M: Keane - This is the last time.



Lo dicho, dicho está y eso era algo que César sabía a la perfección, y en ese instante, con cada una de sus energías, juraba que daría todo cuanto tenía para remediar al menos una de sus palabras. Solo con el fin de que Ana entendiese bien el objeto de la prueba. Pero pensaba, también, que no había justificación alguna.

El bebé era suyo, no le cabía la menor duda. Ana era su mujer y el fantasma que amenazaba sus vidas ya no era Emilio. No obstante, el Marqués tenía muy presente que tal vez todo estaba perdido en su relación. Que quizá no podría volver sobre sus pasos y enmendar el error, cuya cúspide era su marcha, dejando atrás a Analey sin darle una explicación a causa de lo que planeaba hacer.

Al entrar en la casa lo primero en lo que tomó aprecio fue el silencio. La cortina de misterio que no lo agradó para nada. Observó de lado a lado en el vestíbulo, luego en la antesala, donde se extendían dos pasillos enormes. También vio en la cocina y encontró a Lulú sentada, con semblante preocupado y un par de ojeras prominentes.

—¿Qué sucede? —preguntó.

Las cejas en el rostro de César se fruncieron. Deglutió saliva con dificultad porque para ese momento estaba suponiendo cosas malas. La mujer tenía las manos unidas en un nudo junto a su boca y le miraba detenidamente.

—Antes de que pienses en hacer cualquier cosa, niño —le dijo—, acuérdate un poco de cómo eras antaño a la pérdida de tus padres, luego pregúntate, ¿estás dispuesto a que un hijo tuyo crezca en una familia separada?

Lulú se puso de pie y caminó hacia el fregador. Aquel hombre no sabía qué responder. Se había quedado sin objeciones, le ganaba la situación y comenzaba a consumirlo la culpa. Mantuvo la vista fija en los vitros del suelo, en la cocina bien acomodada y las luces del fondo, en el pasillo que daba paso al living.

Claro que tenía en mente a ese César joven, vivaz, capaz de sonreír; el mismo que era cuando estaba con Ana. Con ella y con nadie más recuperaba todo cuanto había perdido alguna vez.

—Ana está en el hospital.

Creyó escuchar. Creyó que mentía. Pero era la realidad, lo sabía muy en el fondo, cuando la negación se hacía a un lado.

—¿Qué?

La mujer negó con la cabeza y él no lo pensó más. Se dio la vuelta y salió de la casa tan rápido como sus pies le permitieron trotar hasta el auto; Lulú había tenido que alcanzarlo en la verja para decirle cuál era la clínica, mientras que él le indicaba al chofer que iría solo, pero a medio camino comenzó a creer que había sido un error. Las manos, en el volante, le estaban sudando, añadiéndole también el hecho de que al presionar los pedales indicados sintió que cada pierna temblaba.

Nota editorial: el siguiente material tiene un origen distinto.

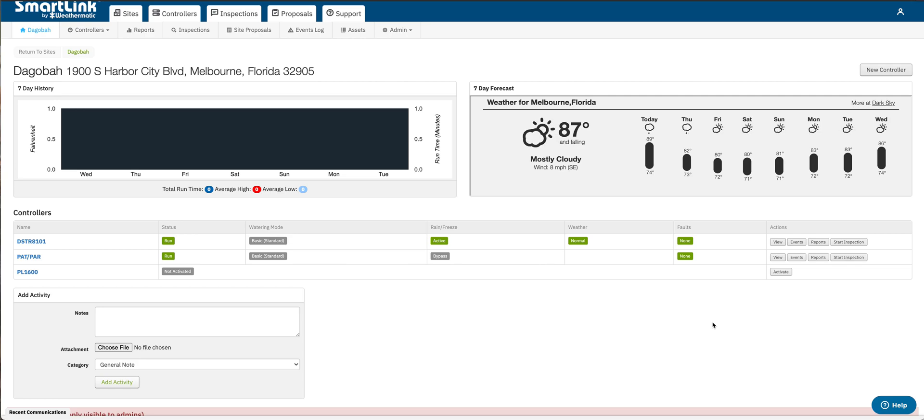I'm David Strait with Weathermatic Tech Services and today on SmartLink Network we want to show you how to delete a site or controllers associated with a site.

Era su completa culpa. Ella estaba ahí a causa de él y sus maneras ridículas de hacerla entrar en razón. Porque, ¿de qué otra forma podría haberse desintoxicado? Solo sabiendo que él no le era del todo indispensable, que al fin de cuentas, si él no estaba, ella podía seguir viviendo, tan plena como siempre. Desconocía hasta qué punto había estado en lo correcto.

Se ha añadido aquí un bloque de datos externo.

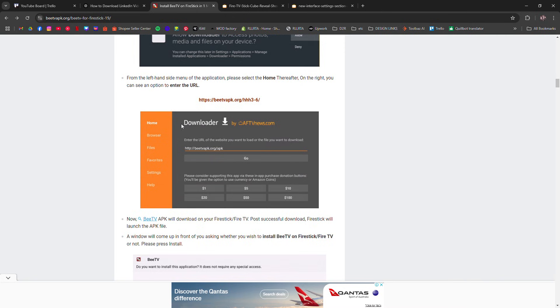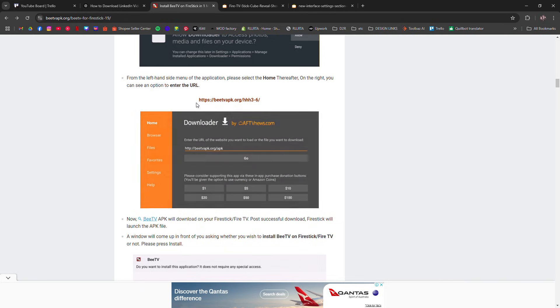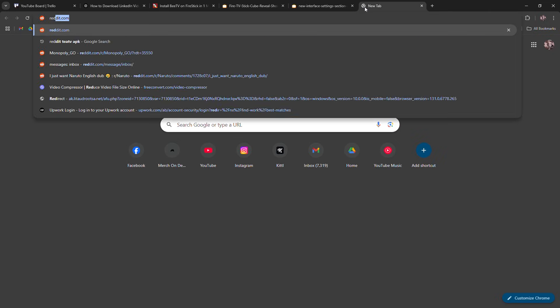Next thing we need to do is install and download the downloader app. So Amazon app store for Firestick and Google Play Store for Android televisions. Just simply search for downloader and install it.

En ese instante descubrió que no se podía amar incondicionalmente. Que los obstáculos se hacían más pesados cuando unidos eran todo, pero separados, alejados y contritos, se volvían vulnerables y se quedaban a la merced de las tragedias; disponibles para que les hicieran año y perdiendo las esperanzas con cada minuto que la espera por vivir uno al lado de la otra fuera menos corta.

La recepción del hospital estaba llena de gente, atestado de enfermeros con camillas. César supuso que alguna emergencia se estaba librando. Preguntó a una mujer regordeta de cabello negro por el nombre de Ana completo, pero ella se había negado a dejarlo pasar. Había tenido que justificarse mintiendo, que era su... eso que él hubiera querido ser, que quizá de no haber sido por aquel horrible suceso ya habría conseguido planificar.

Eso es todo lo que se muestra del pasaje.